Nella nuova decisione della Cassazione – tenendo presente che dopo la sentenza n. 238 del 2014 della Corte costituzionale c’è giurisdizione, in Italia, per «atti di uno Stato straniero che consistano in crimini di guerra e contro l’umanità, lesivi di diritti inviolabili della persona» – va segnalato un nuovo argomento in favore di questi crediti:

I giudici italiani, sia quelli investiti del giudizio di cognizione che quelli incaricati dell’esecuzione dei titoli giudiziali legittimamente formati in base alle regole di rito, hanno il dovere istituzionale, in ineludibile ossequio all’assetto normativo determinato dalla sentenza n. 238 del 2014 della Consulta, di negare ogni esenzione da quella giurisdizione sulla responsabilità altrove riconosciuta che fosse invocata davanti a loro, tanto nella sede propria del giudizio di cognizione o di delibazione della sentenza straniera, quanto nella sede […] dell’esecuzione forzata fondata su questa[viii].

Insomma, gli effetti della sentenza del 2014 riguardano sia il processo di cognizione che quello di esecuzione.
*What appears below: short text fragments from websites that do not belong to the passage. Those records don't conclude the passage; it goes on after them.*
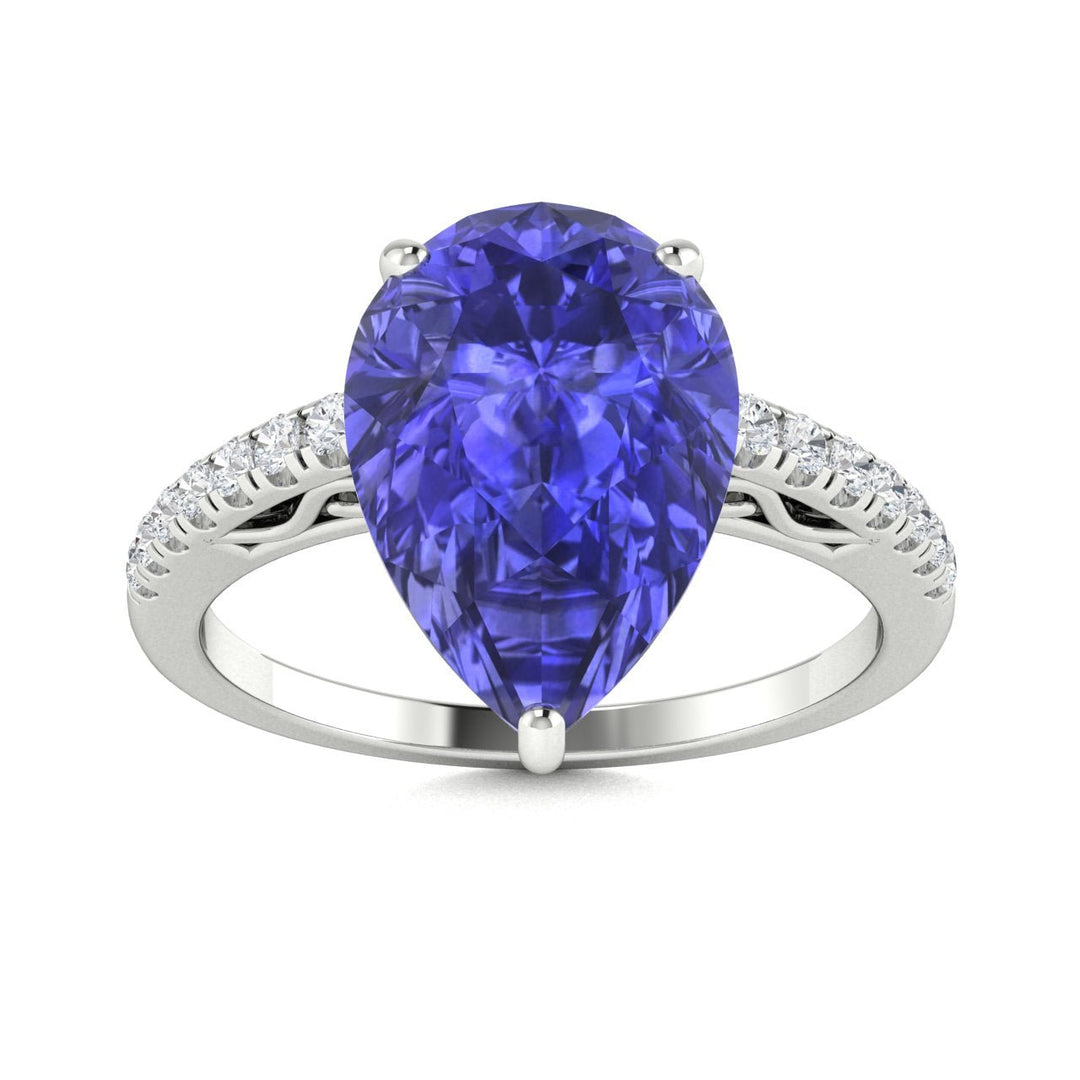 18kt Gold Pear Shaped Tanzanite and Diamond Ladies Ring (Tanzanite 3.25ct Diamonds 0.25 cts)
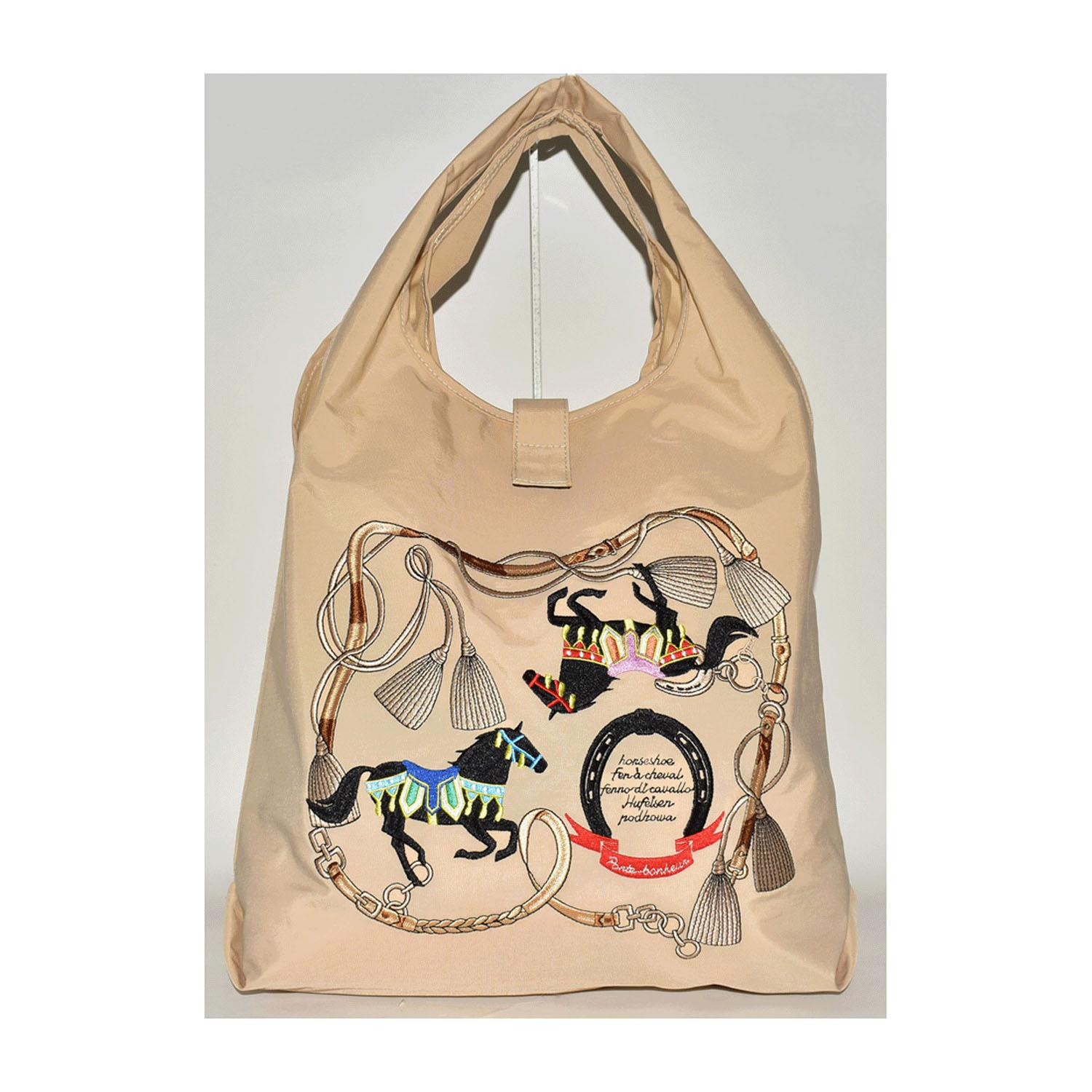 Horse-Pattern Embroidered Compact Tote Bag
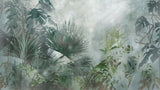 Tapet personalizat tropical cu jungla tropicala in nuante intense de verde cyan deep cyan jungle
È la posizione di Giuseppe Tesauro, presidente ed estensore nella sentenza della Consulta del 2014, in un convegno al Senato, Stragi e deportazioni nazifasciste: per la giustizia e contro l’ambiguità, a tutela dei creditori: «Se hanno il diritto riconosciuto dall’ordinamento ad avere una soddisfazione, nel caso di specie un risarcimento del danno, che se ne fanno, lo mettono al muro, lo mettono lì, fanno un bel quadro di questo diritto, per guardarselo, oppure possono farlo valere davanti a un giudice?»[ix].
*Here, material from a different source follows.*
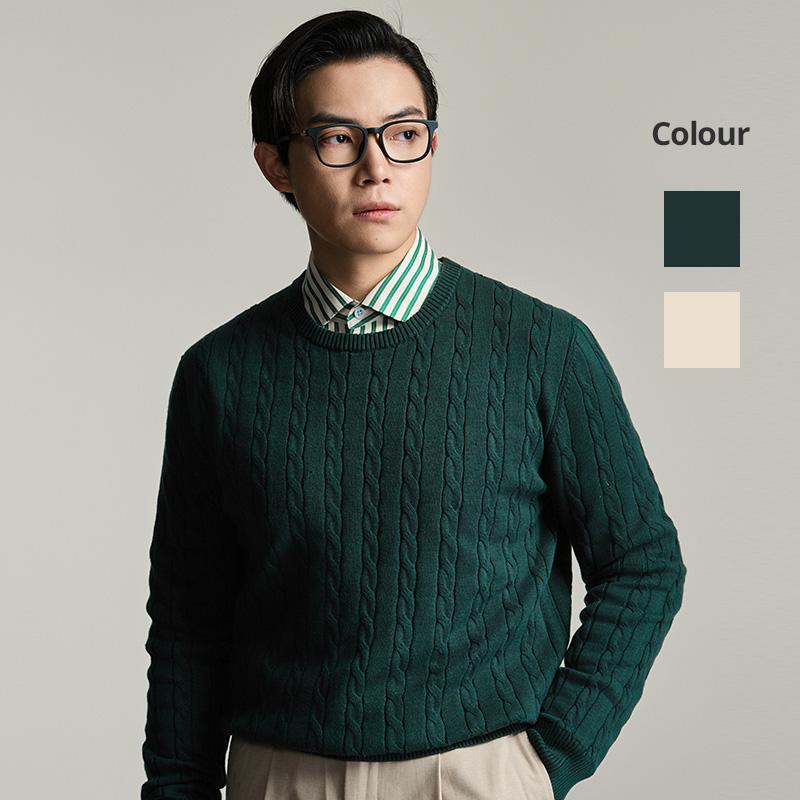针织毛衫圆领男士麻花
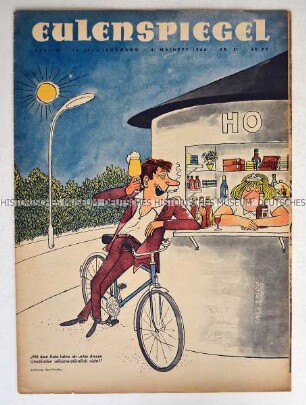 Satirezeitschrift "Eulenspiegel" mit Titel zum Fahrradfahren unter Alkoholeinfluss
La decisione della Cassazione non esamina la questione dell’esistenza di una remota rinuncia dello Stato tedesco al divieto di esecuzione sui suoi beni. Si tratta degli Accordi del 1952-1954 sulla transizione della sovranità alla Germania (Ãœberleitungsvertrag, detto anche Deutschlandvertrag), e precisamente dell’Accordo per il regolamento delle questioni derivanti dalla guerra e dall’occupazione, parte sesta, artt. 1 e 3. Al tema vanno connessi gli effetti dell’Accordo sui debiti esteri tedeschi, Londra 27 febbraio 1953 (Agreement on German External Debts – Abkommen über deutsche Auslandsschulden o LSCHABK, Londoner Schuldenabkommen), ratificato in Italia con dpr 30 dicembre 1965 n. 1712.
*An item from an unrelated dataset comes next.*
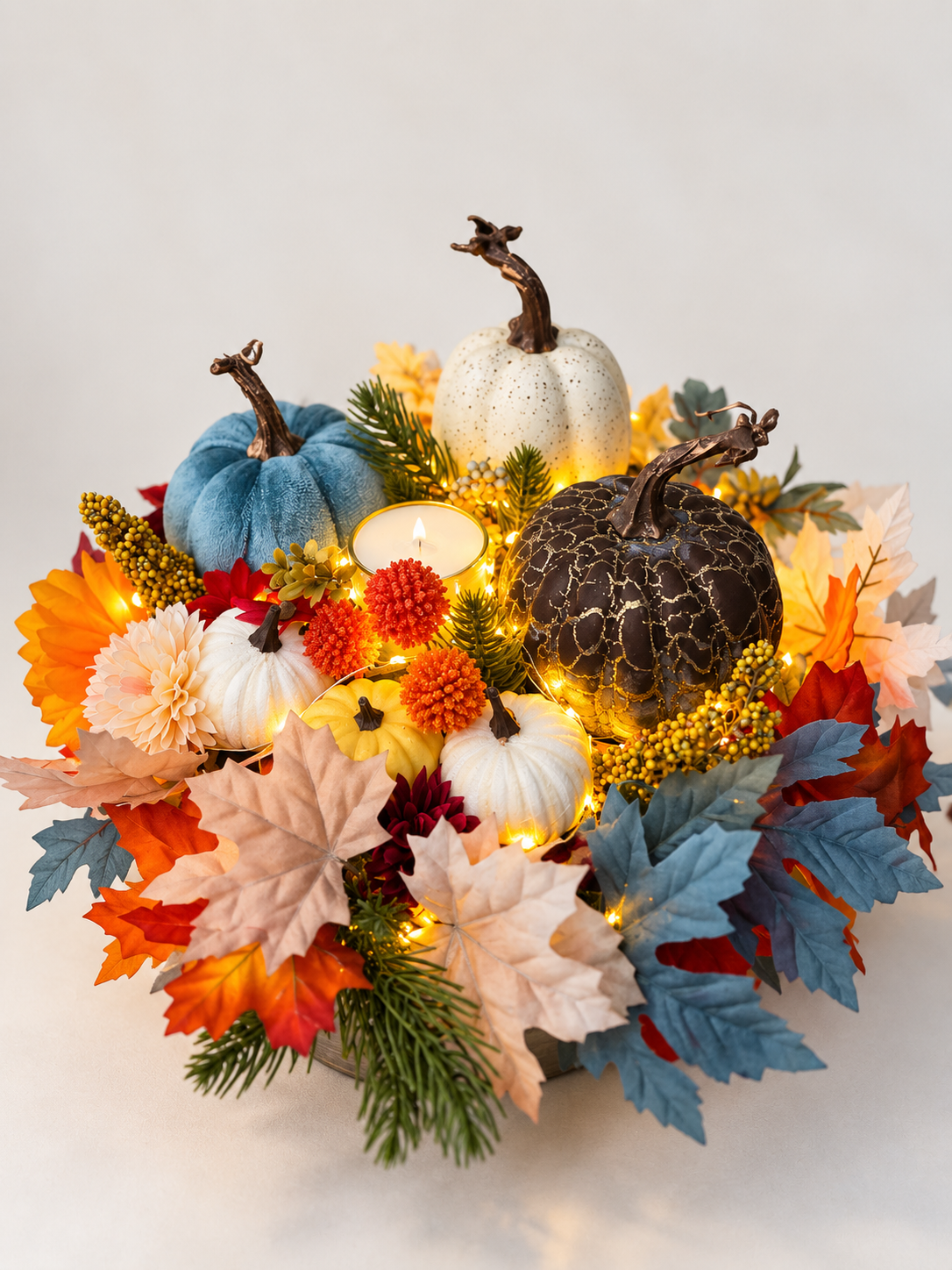 Cozy Autumn Pumpkin Centerpiece – 7"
L’Accordo di Londra è uno strumento giuridico ancora vigente, che purtroppo la decisione dell’Aia del 2012 non cita mai, benché in quel processo fosse menzionato in almeno quattro atti, fra cui quello dei giudici Kenneth Keith e Christopher Greenwood. Per l’autorità giudiziaria italiana l’Accordo di Londra è esaminabile d’ufficio; del resto il Tribunale di Roma l’ha ricordato nell’ordinanza 19 giugno 2017, dep. 22 giugno 2017 (causa G.C. e L.C. c. RFT). E l’ha invocato il Tribunale di Brescia, nell’ordinanza del 25 luglio 2011 con cui si è rivolto alla Corte di giustizia dell’Unione europea per una pronuncia pregiudiziale; ma in quel caso la Corte (ordinanza 12 luglio 2012, causa C-466/11, G.C. e altri c. RFT) si è dichiarata incompetente e non l’ha esaminato. All’Accordo ha fatto riferimento anche la Corte europea dei diritti dell’uomo: ANRP c. Germania, 45563/04, 4 settembre 2007, e Sfountouris c. Germania, 24120/06, 31 maggio 2011, in quest’ultimo caso citando una decisione del Bundesgerichtshof del 26 giugno 2003.

Si tratta di un tema dirimente: con una rinuncia di Berlino al divieto di esecuzione, non occorre neppure porsi la questione se gli effetti della pronuncia della Corte costituzionale si estendano, oltre che al processo di cognizione, anche a quello di esecuzione.

La decisione di quest’anno, comunque, è un progresso significativo.

[i] Cass., terza sezione civile, 25 giugno 2019, dep. 3 settembre 2019, n. 21995.

[ii] Trib. Brescia 24 luglio 2019, dep. 3 agosto 2019, n. 2375.

[iii] Cass., terza sezione civile, 26 ottobre 2017, dep. 8 giugno 2018, n. 14885.

[iv] Cass., terza sezione civile, 25 giugno 2019, cit., par. 14.

[v] Cass., prima sezione penale, 30 maggio 2012, dep. 9 agosto 2012 n. 32139, imputati Albers e altri, p. 18.

[vi] Corte mil. appello 26 ottobre 2012, dep. 10 dicembre 2012 n. 107, imputati Winkler e altri, p. 120.

[vii] Consiglio della magistratura militare, Comitato scientifico, studio trasmesso con delibera 4 giugno 2012, p. 6.

[viii] Cass., terza sezione civile, 25 giugno 2019, cit., parr. 22 e 23.